Hello I was thinking about getting a pet Silver perch (Bidyanus Bidyanus.)
I would like to know:

will it attack my other fish (guppies, platies, corys etc.)?

is my 2ft X 1ft X 1ft tank big enough to keep a silver perch in for a long time (we have a dam I can put it in if it gets to big after awhile but dont wont to get one if it will outgrow the tank in a year or two)?

any general info on feeding etc. would be greatly appreciated.
thanks


----------



## Guest (Oct 6, 2008)

By the dimensions you gave, I'm getting that this tank is about 15 US gallons. Is that right?
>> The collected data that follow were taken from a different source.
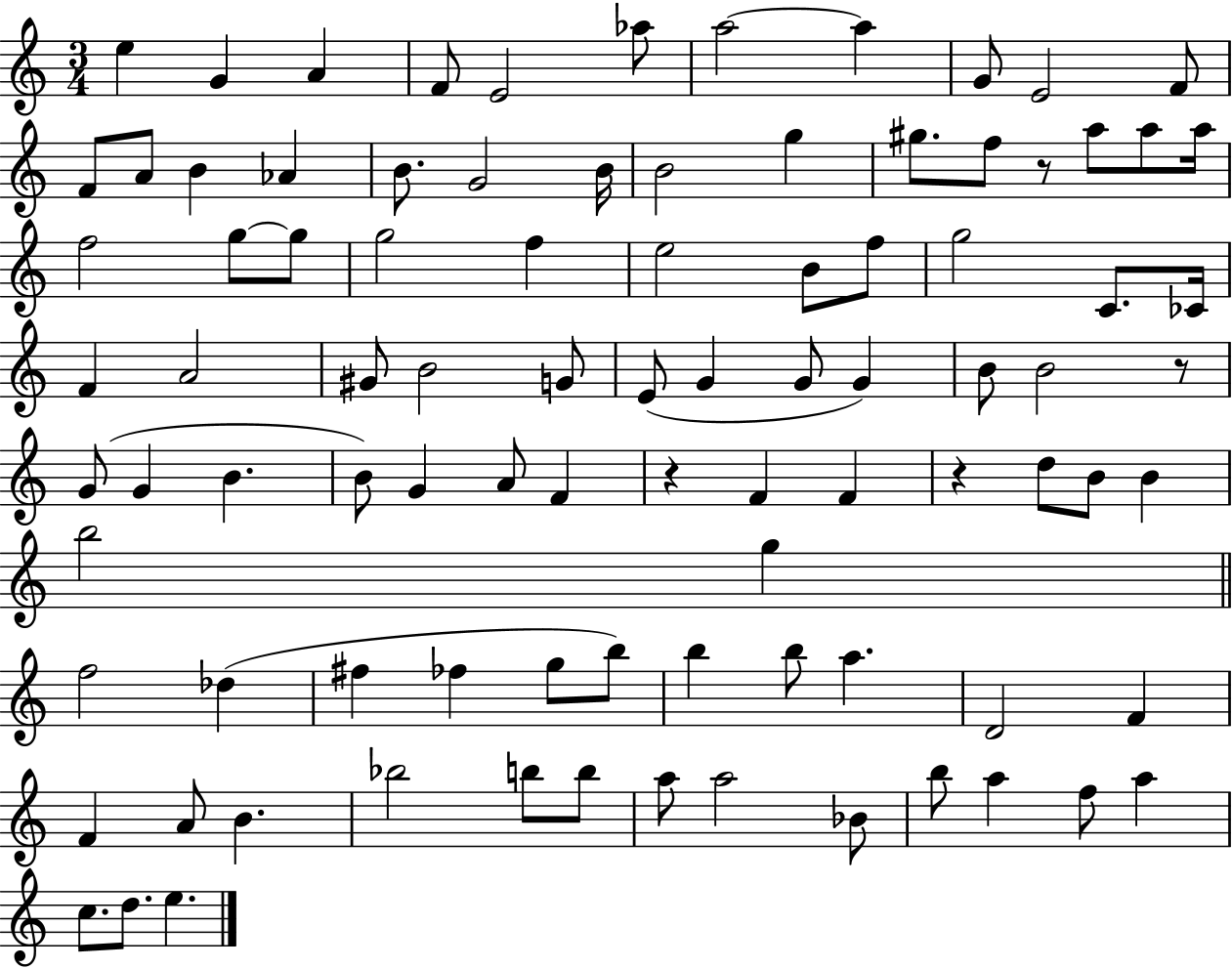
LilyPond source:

{
  \clef treble
  \numericTimeSignature
  \time 3/4
  \key c \major
  e''4 g'4 a'4 | f'8 e'2 aes''8 | a''2~~ a''4 | g'8 e'2 f'8 | \break f'8 a'8 b'4 aes'4 | b'8. g'2 b'16 | b'2 g''4 | gis''8. f''8 r8 a''8 a''8 a''16 | \break f''2 g''8~~ g''8 | g''2 f''4 | e''2 b'8 f''8 | g''2 c'8. ces'16 | \break f'4 a'2 | gis'8 b'2 g'8 | e'8( g'4 g'8 g'4) | b'8 b'2 r8 | \break g'8( g'4 b'4. | b'8) g'4 a'8 f'4 | r4 f'4 f'4 | r4 d''8 b'8 b'4 | \break b''2 g''4 | \bar "||" \break \key a \minor f''2 des''4( | fis''4 fes''4 g''8 b''8) | b''4 b''8 a''4. | d'2 f'4 | \break f'4 a'8 b'4. | bes''2 b''8 b''8 | a''8 a''2 bes'8 | b''8 a''4 f''8 a''4 | \break c''8. d''8. e''4. | \bar "|."
}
At about two years old, these guys will be about as long as your tank is wide. So, you wouldn't be able to keep it long. I'm not sure where you are from, but it's definitely a bad idea to release captive bred fish into the wild. Are these fish native to where you are? Where were you planning to get one?
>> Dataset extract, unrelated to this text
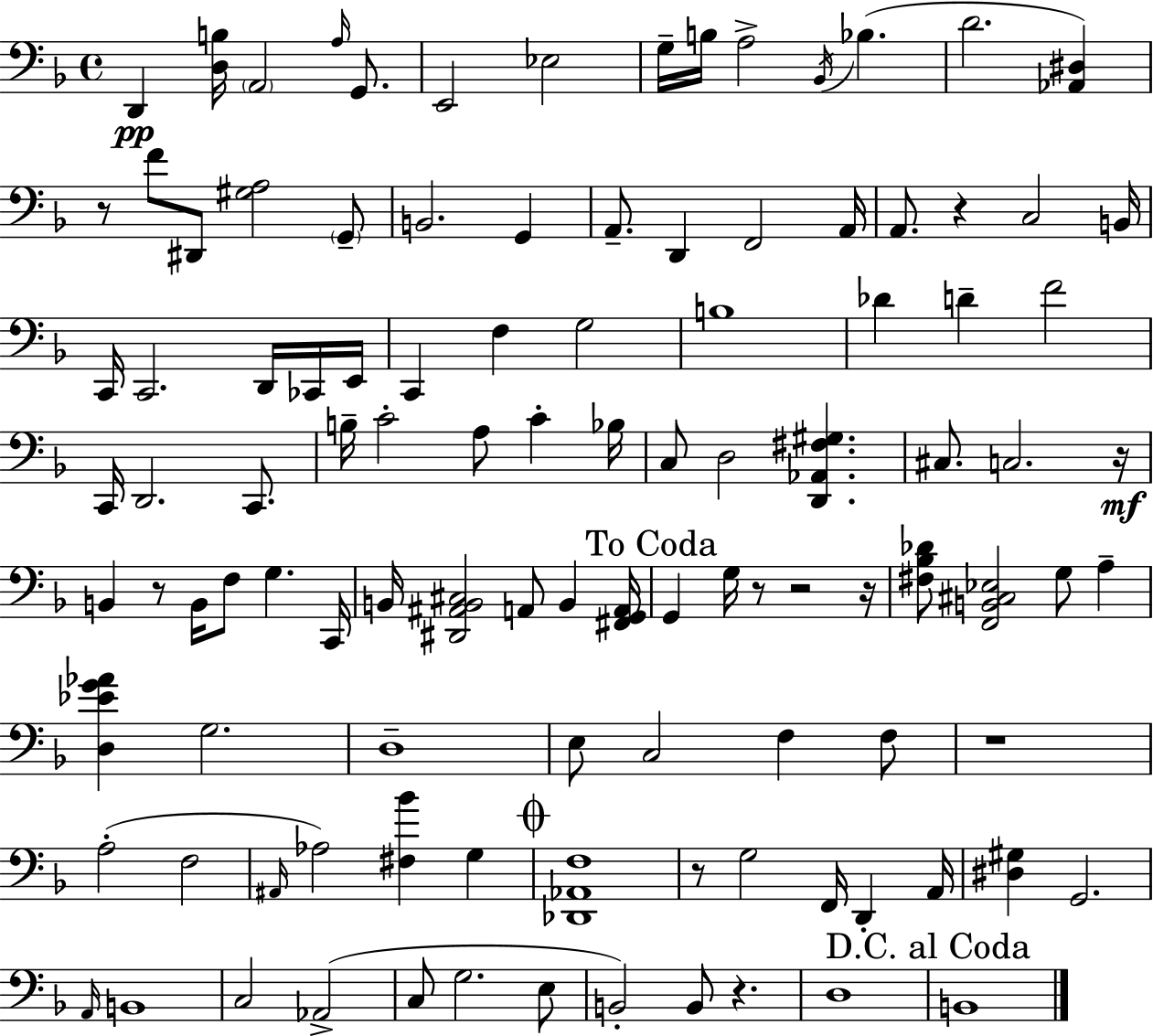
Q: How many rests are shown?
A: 10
I think these fish are classed as vulnerable, so you'll need to check if you can even collect them from the wild, if that's what you were planning. 

They eat plants, insects, worms, etc. I don't think they'd eat your smaller fish, especially since they'd have to be pretty small to be ok in your tank.


----------



## whitecloud98 (Jun 29, 2008)

yeah my tank is 15 us gallons. They're native to where I live but I was going to buy some 5cm ones from my local pet shop because I know they're protected. Thanks for the info anyway. I was only going to get one fish too or should they be kept in a pair?


----------



## Guest (Oct 6, 2008)

I wouldn't keep the fish above 10cm or so. That's a small sized tank in most terms. Also, depending on how many of the other fish you have in your tank, you should keep up regular water changes. A fish that gets as big as this perch needs to be upgraded properly, raised in a large enough tank, or it will get stunted.
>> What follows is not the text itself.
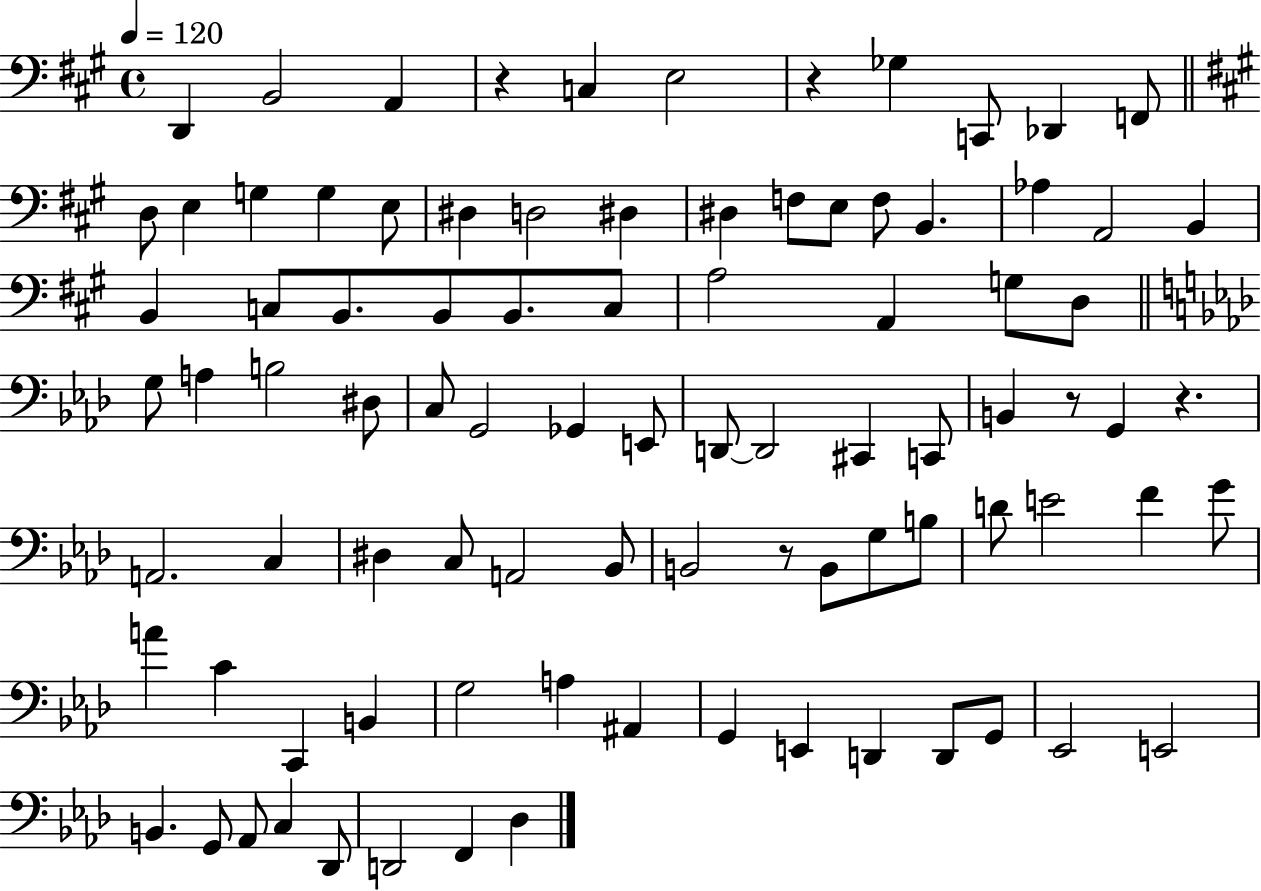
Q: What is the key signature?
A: A major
If you are going to get it, then I *wouldn't release *it when it's too big for your tank since it's been in captivity indefinitely. Either have plans for proper accomodations when it's bigger, or sell/trade it back to a pet shop. The fish could catch or carry something in the pet shop or your aquarium that isn't present in the wild.

I'm not sure how social these fish are, so I can't really answer that last question. Maybe some research on the internet/in books might answer that for you.


----------



## renita (Oct 7, 2008)

The Silver Perch is a native Australian species. Basically a native of the Murray Darling drainage system, this species over the years has been widely distributed across NSW and many Eastern Flowing streams now have viable populations. Silver perch are omnivores with a very varied diet consisting of small food items such as insects, insect larvae, shrimps, yabbies, molluscs, worms, weeds and algae. They do not grow to extreme size and specimens over 3Kgs are rare. Rumour has it they grow to 8Kgs but I have seen them up to 4Kg only. Generally in farm dam situations they will grow to approximately 2Kgs. 
-----------------------
Renita

Search Engine Optimization


----------



## Guest (Oct 7, 2008)

renita said:


> The Silver Perch is a native Australian species. Basically a native of the Murray Darling drainage system, this species over the years has been widely distributed across NSW and many Eastern Flowing streams now have viable populations. Silver perch are omnivores with a very varied diet consisting of small food items such as insects, insect larvae, shrimps, yabbies, molluscs, worms, weeds and algae. They do not grow to extreme size and specimens over 3Kgs are rare. Rumour has it they grow to 8Kgs but I have seen them up to 4Kg only. Generally in farm dam situations they will grow to approximately 2Kgs.
> -----------------------
> Renita
> 
> **spam**


Are these people bots, or just have that much time on their hands? :shock: Educational spam...that's different and stolen from nswaqua.com.


----------



## trashion (Aug 24, 2007)

Seriously, Leah, I'm more entertained than pissed off by these edu-bots.


----------